Overview of Basalt Fiber-Reinforced Plaster Mortar

1. Basic Characteristics of Basalt Fiber

Basalt fiberis primarily composed of silicon oxide, aluminum oxide, and iron oxide, with high levels of silicon oxide and aluminum oxide, giving it significant advantages in heat resistance and Chemical corrosion resistance. Compared to glass fiber, basalt fiber does not contain harmful metal oxides, resulting in better chemical stability and excellent durability in corrosive environments like strong alkalis and strong acids.

The tensile strength of basalt fiber generally ranges from 3000 to 4800 MPa, and its elastic modulus is in the range of 80 to 110 GPa. This makes it stronger than glass fiber, with a lower elongation at break, which effectively improves the crack resistance of cement-based materials.

Basalt fiber exhibits excellent high-temperature resistance, with a melting point exceeding 1400°C and a long-term service temperature of up to 700°C, far surpassing that of glass fiber. This allows it to maintain stable physical properties even in high-temperature environments.

Basalt fiber also has superior alkali resistance, acid resistance, and UV resistance. It can maintain a long service life in harsh environments such as humidity, salt spray, and chemical corrosion, making it particularly suitable for engineering materials like exterior wall plaster layers that are exposed to complex environments for extended periods.
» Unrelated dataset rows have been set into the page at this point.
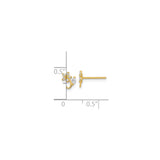 14k Yellow Gold Flower Stud Earrings with Cubic Zirconia, Delicate Floral Design for Women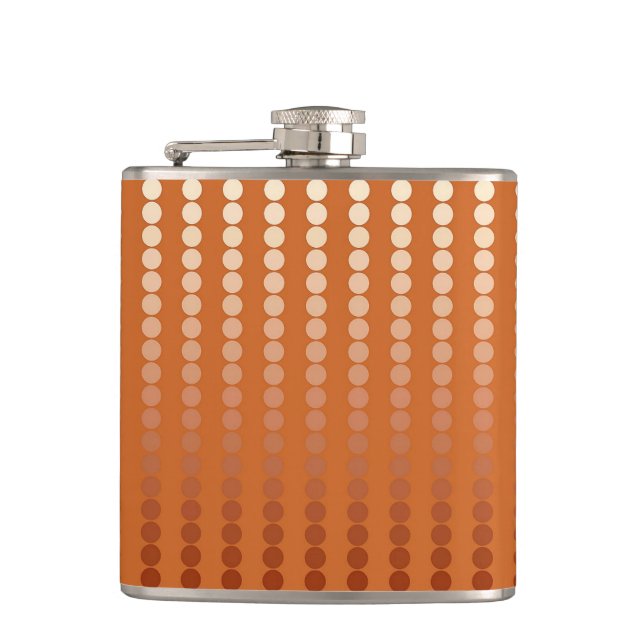 Satin dots - rust and copper hip flask (Front)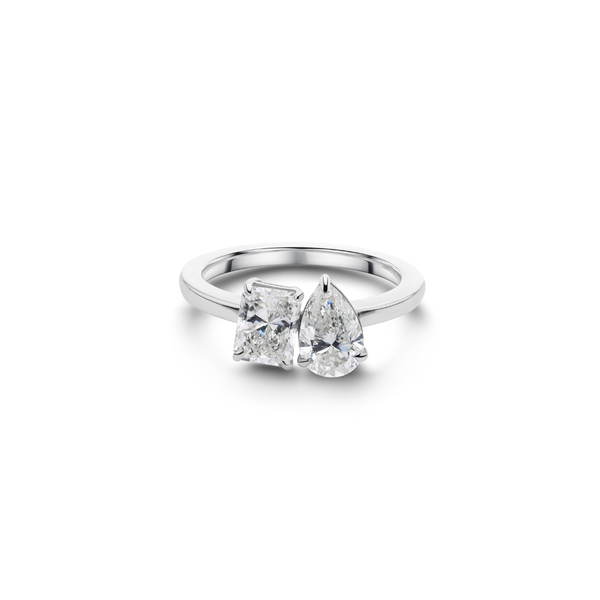 Toi et Moi Solitaire Diamond Engagement Ring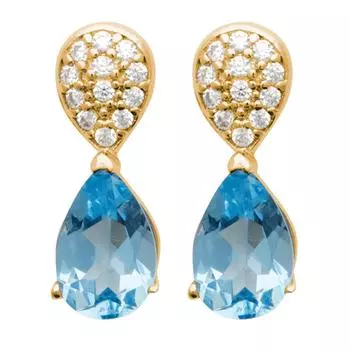 Les Trsors De Lily [R7471] - Позолоченные серьги «Sissi», аквамарин, золото - 12x5 мм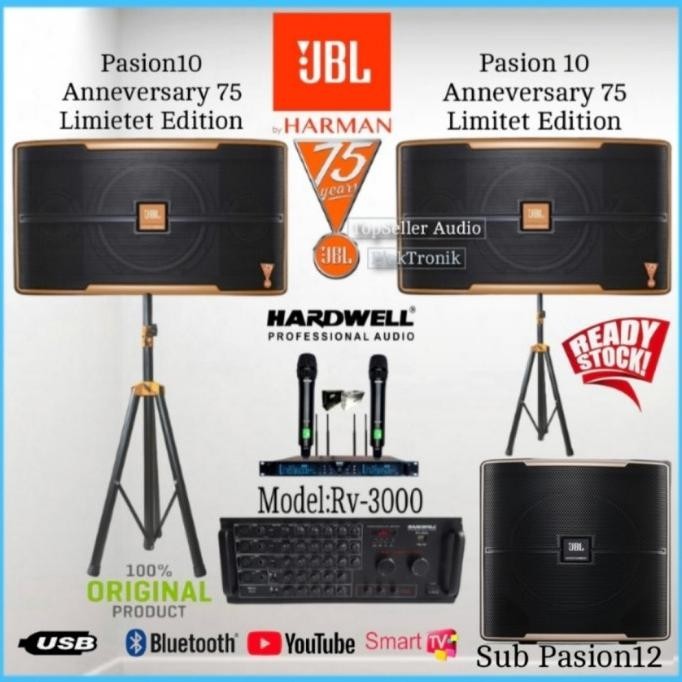 Set Paket Speaker Karaoke Jbl Pasion10 Anneversary 75 Sub Pasion12 Ori Premium Berkualitas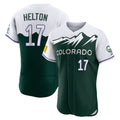 Colorado Rockies #17 Todd Helton Player Green CONTON City Connect Limited Elite Home Stitched Jerseys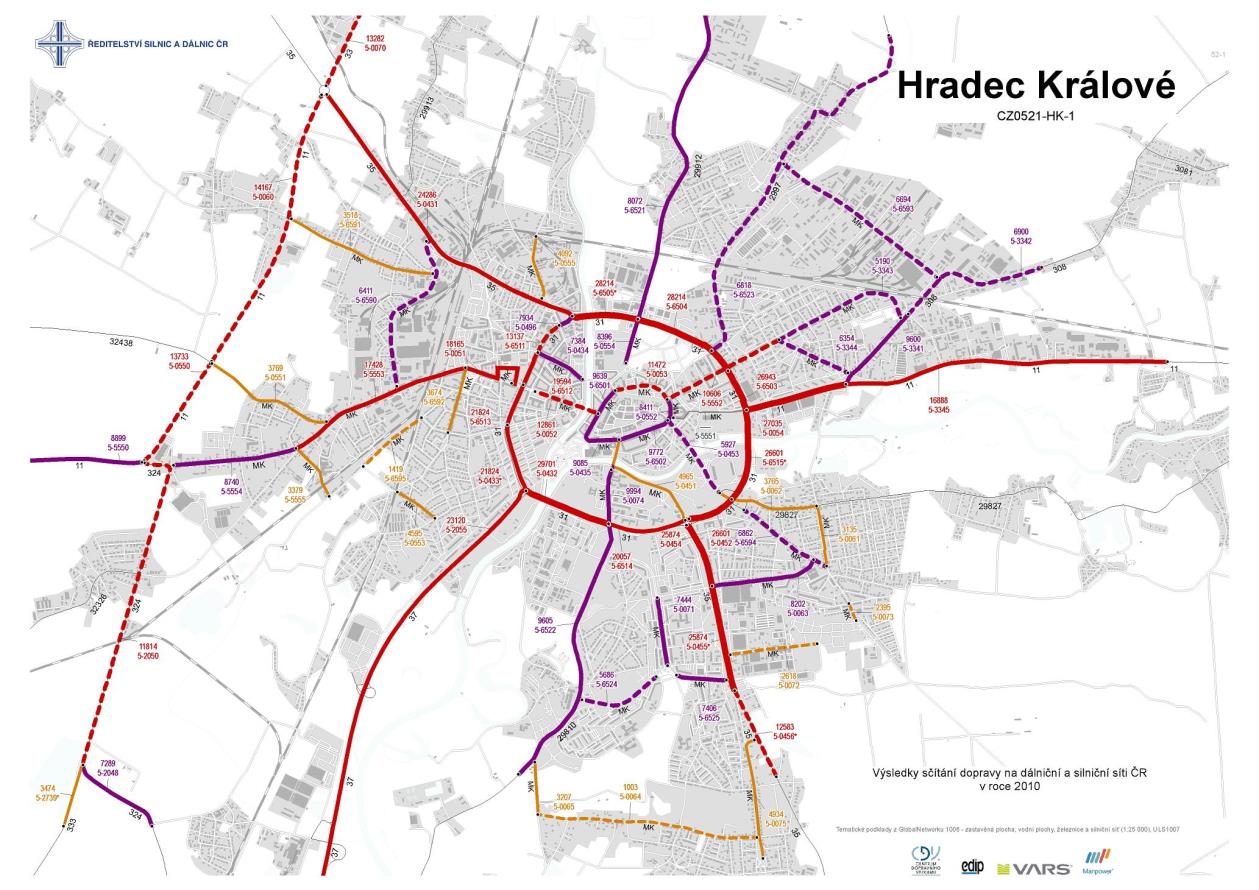 Obr. 9 Mapa dopravních intenzit 2010 město Hradec Králové Pramen: Celostátní sčítání dopravy 2010 http://scitani2010.rsd.cz/pages/results/default.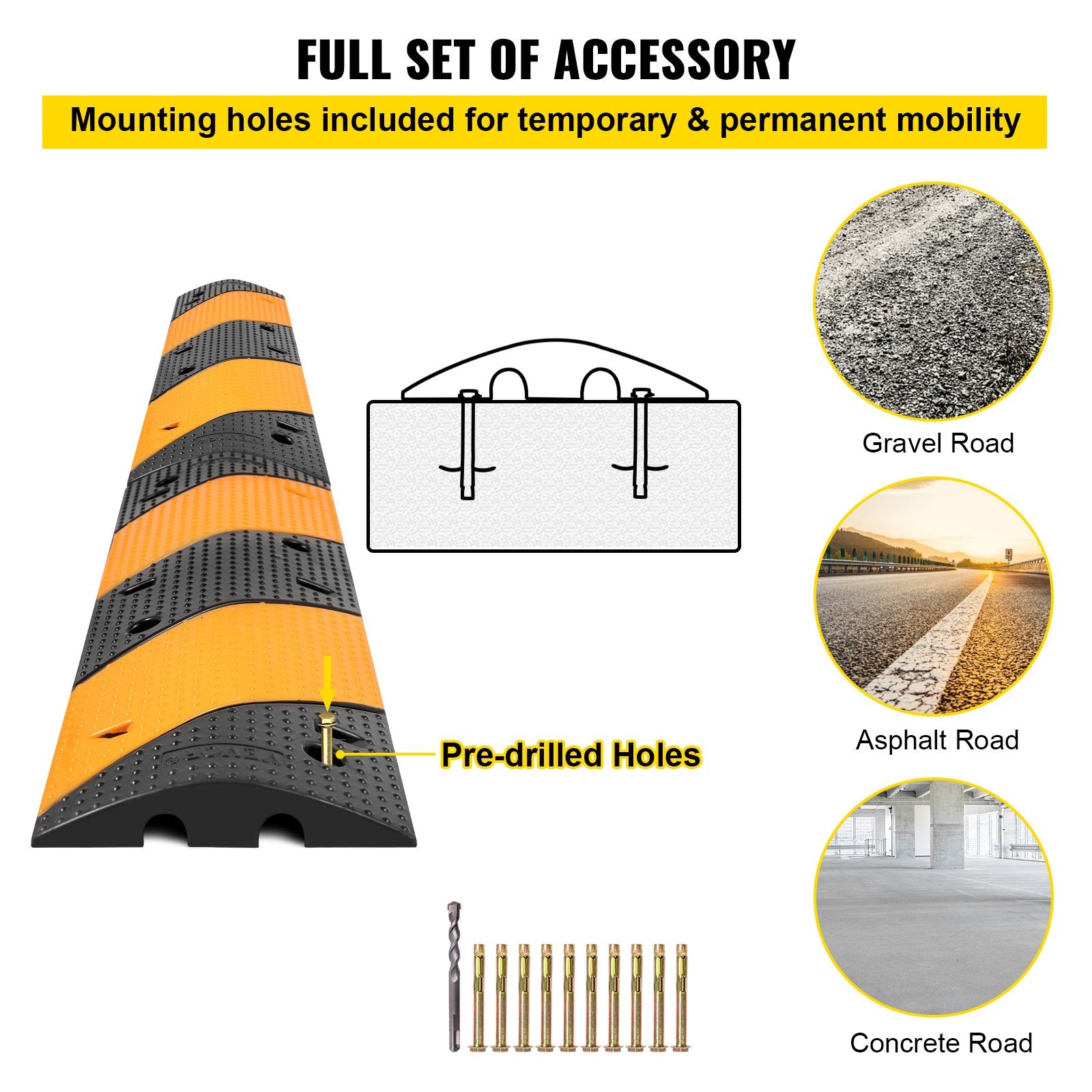 Rubber Speed Bump, 2 Pack 2 Channel Speed Bump Hump, 42"" Long Modular Speed Bump Rated 22000 LBS Load Capacity, 40.2 x 11.8 x 2.4 inch Garage Speed Bump for Asphalt Concrete Gravel Driveway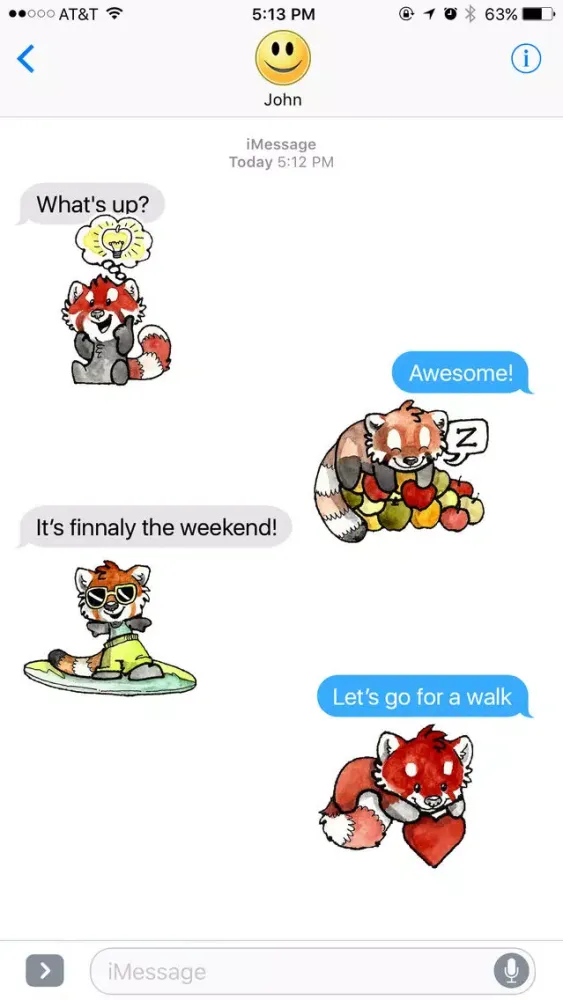 ภาพหน้าจอของ Cheerful Red Panda Stickers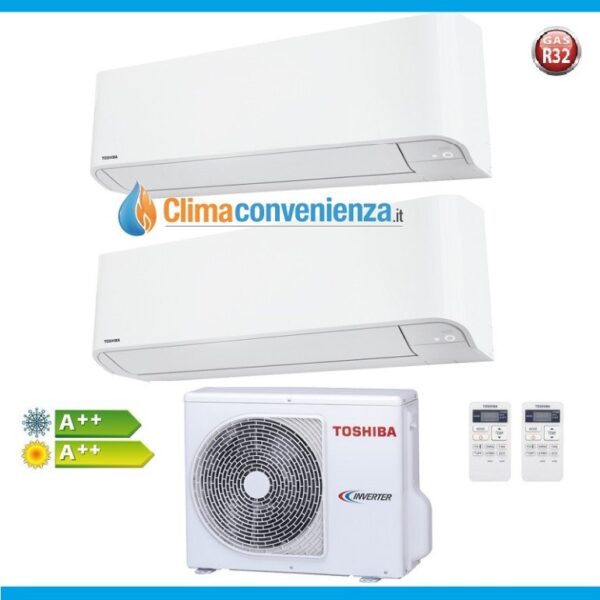 Toshiba Mirai R32 10000+13000 Dual Split Inverter Airconditioner met RAS-2M14U2AVG-E 10+13 BTU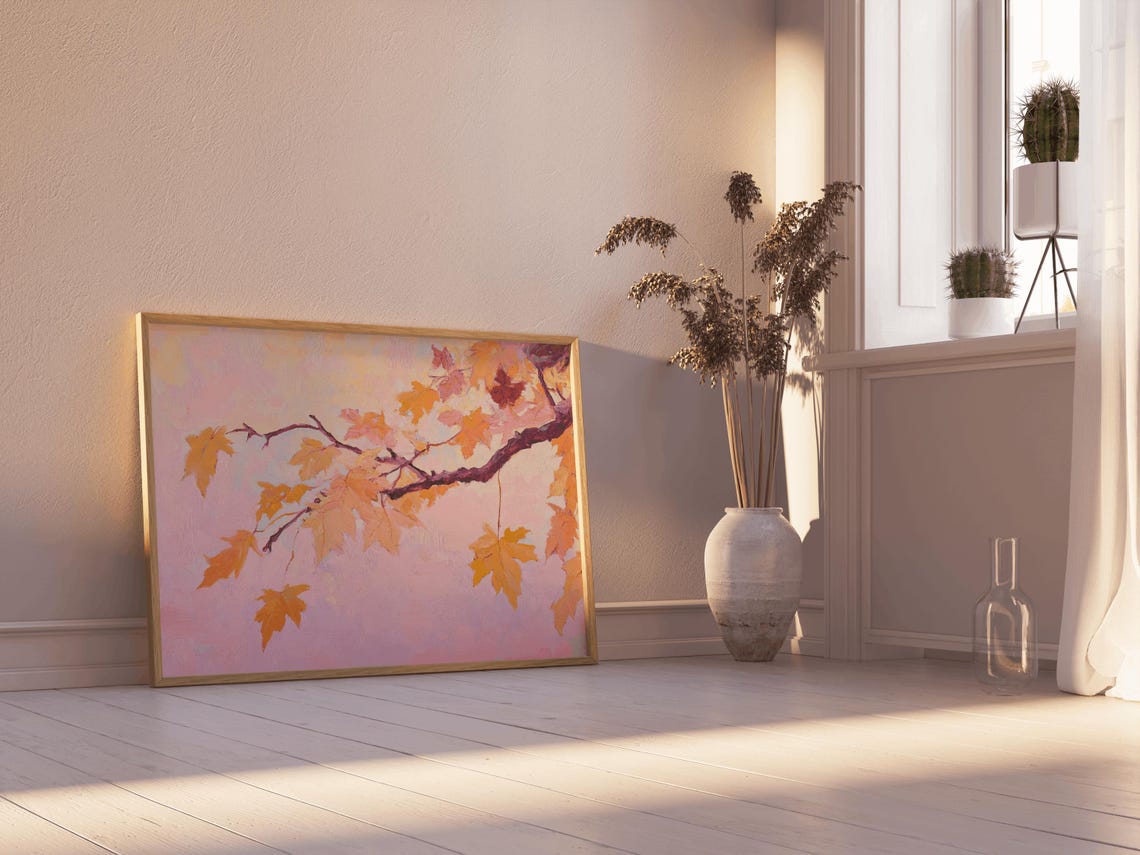 Autumn Maple Branch Painting Golden Leaves Pink Fall Art Poster - Image 3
2. Crack Resistance Mechanism of Fiber-Reinforced Mortar

The reinforcing effect of fibers in mortar primarily depends on their spatial distribution, length, content, and bonding performance with the cement-based material. During the hardening process of mortar, micro-cracks can easily form internally due to factors like volume shrinkage from hydration reactions and thermal stress caused by temperature changes.

Fibers can bridge both sides of micro-cracks, providing a bridging effect when cracks initially form, effectively delaying crack propagation and improving the material's overall tensile and crack resistance. Basalt fiber has a rough surface, which provides strong physical interlocking with the cement paste. When external loads are applied to the mortar, part of the stress can be transferred through the fibers to the surrounding matrix, thereby reducing localized stress concentrations and preventing further crack propagation. This stress dispersion mechanism helps improve the overall toughness and impact resistance of the mortar.

During the mortar hardening process, fibers can form a randomly distributed Reinforcing Mesh structure within the matrix, improving the mortar's deformation resistance. When the plaster layer is subjected to external temperature changes, drying shrinkage stresses, or mechanical loads, this reinforcing mesh can effectively resist deformation in stress concentration areas, leading to higher crack resistance in the material.